Data from a cross-sectional questionnaire study (n = 712) from Iran found that MS patients on B-cell-depleting therapy had a 2.6-fold increase in the risk of being in the COVID-19-suspect group. This group comprised patients who reported fever and cough or fever and shortness of breath, and those who had a suggestive chest CT (n = 34); however, only two COVID-19-suspect patients were hospitalized and neither required intensive care. ¹¹ This study suggests that MS patients as a group have a mild to moderate disease course regardless of the treatment regimen and also that those on B-cell-depleting therapy might be at higher risk of SARS-CoV-2 infection. As none of the patients were tested for SARS-CoV-2, these observations need to be verified in a setting where virus testing is possible.

Recovery from COVID-19 has previously been reported in one MS patient with hepatitis B infection who was treated for a year with the B-cell-depleting drug ocrelizumab and the antiviral drug lamivudine (3TC). ¹² Whereas recovery from COVID-19 in this patient could potentially be facilitated by lamivudine, our report highlights that B-cell-depleted MS patients can clear the virus without the aid of antiviral therapy.

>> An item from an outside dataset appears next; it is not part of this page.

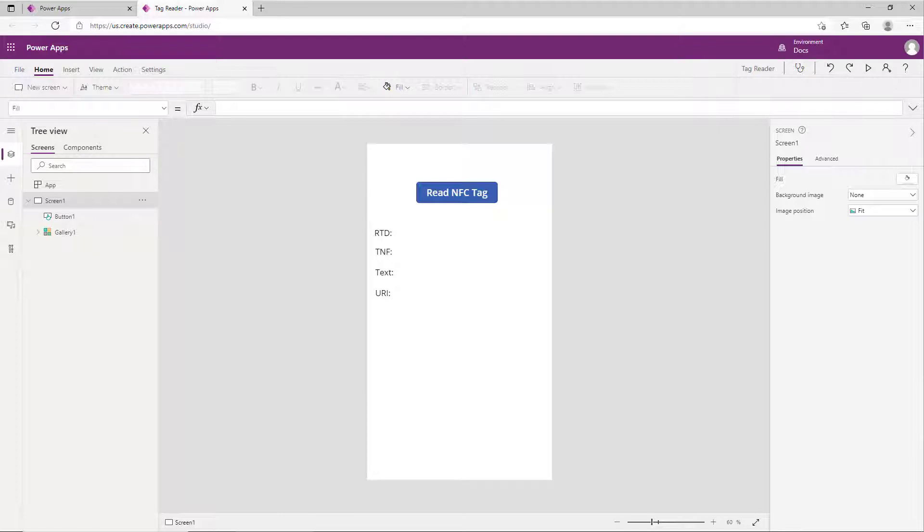You can also buy them on Amazon. I just bought a pack of 50 for less than 10 or 15 dollars of tags that you can write a custom value to.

These observations are in line with the lack of fatalities reported by an international pharmacovigilance case series of 30 ocrelizumab-treated MS patients infected by SARS-CoV-2. ¹³

It is unknown whether the patient described here, or any patient who has recovered from SARS-CoV-2 infection in the absence of B-cells, is at higher risk of reinfection. However, this case suggests that MS patients receiving B-cell-depleting therapy are not at higher risk of severe complications from primary SARS-CoV-2 infection, and demonstrates that viral clearance is possible without B-cell involvement and antiviral therapy.